Anyway, I took my ipad upstairs to take a picture of some items I found in my mom’s hope chest. And then I spotted in the book shelf my Dad’s photo albums from when he was in college and when he and mom were dating. He loved taking pictures and did so all his life it seems. As kids we cannot say we don’t have pictures of us growing up because there are so many of them. Black and Whites, Slides, movies etc. We have them all.
My Dad’s parents were a little “different” so to say. James Vint Laughland was the son of William Laughland, a successful Scottish tailor who moved as a young man with a wife and the first few children to Southampton England. William was a typical outgoing Laughland and ended up having a good business and became involved in politics in the City of Southampton. James left home at age 18 to go to the University of Toronto in Ontario. He lived with his Aunt Peggy Laughland McMIllan and her family. We believe he was studying for the ministry.
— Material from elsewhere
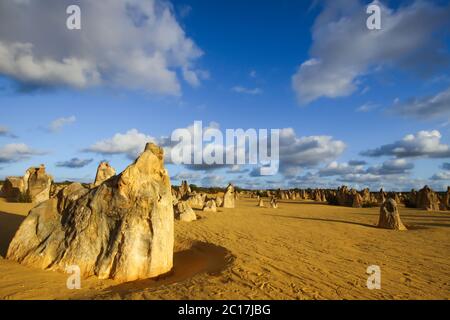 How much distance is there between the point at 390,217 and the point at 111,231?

I tried to find out if he graduated but the U of T did not have records on him.
He met my Grandmother up around Owen Sound. Margaret MacDougall had left her home in Nova Scotia to attend nurses training. She never went home again it appears until the 1950’s after both her parents were dead. I found their info and it turns out that Christy Caissie MacDougall and Martin MacDougall divorced in about 1905. That was very unusual for Catholic couples. There must have been some reason for this. They split and the kids seemed to have split along lines of who liked which parent. Martin was injured in a mining explosion in about 1923. And when he died in the 1940’s he was living with one of the sons. I found out that when my brothers were young they had a gr grandfather alive up in Nova Scotia. We never knew. Strange as I said. I suspect things were pretty unhappy at home and Margaret moved as far away as she could from them.
So the young couple James and Margaret married and had two sons. My Dad born in 1910 and his brother a few years later. They lived for five years in Canada and then moved to England in 1915. Grandfather became a minister in several churches. It seems that he became a Unitarian/Presbyterian/Baptist minister depending on where he was living at the time. James also became involved in social issues such as union organizing. It was 1915 with the approaching war and social unrest. He changed cities and churches several times during the 10 years they were in England. He eventually became minister at the Pembroke Chapel in LIverpool and as time went on became more and more involved in strikes and leading the dock workers protesting for rights. He was arrested and beaten by the police at one time. There are pictures of him in the museum in LIverpool with the strikers.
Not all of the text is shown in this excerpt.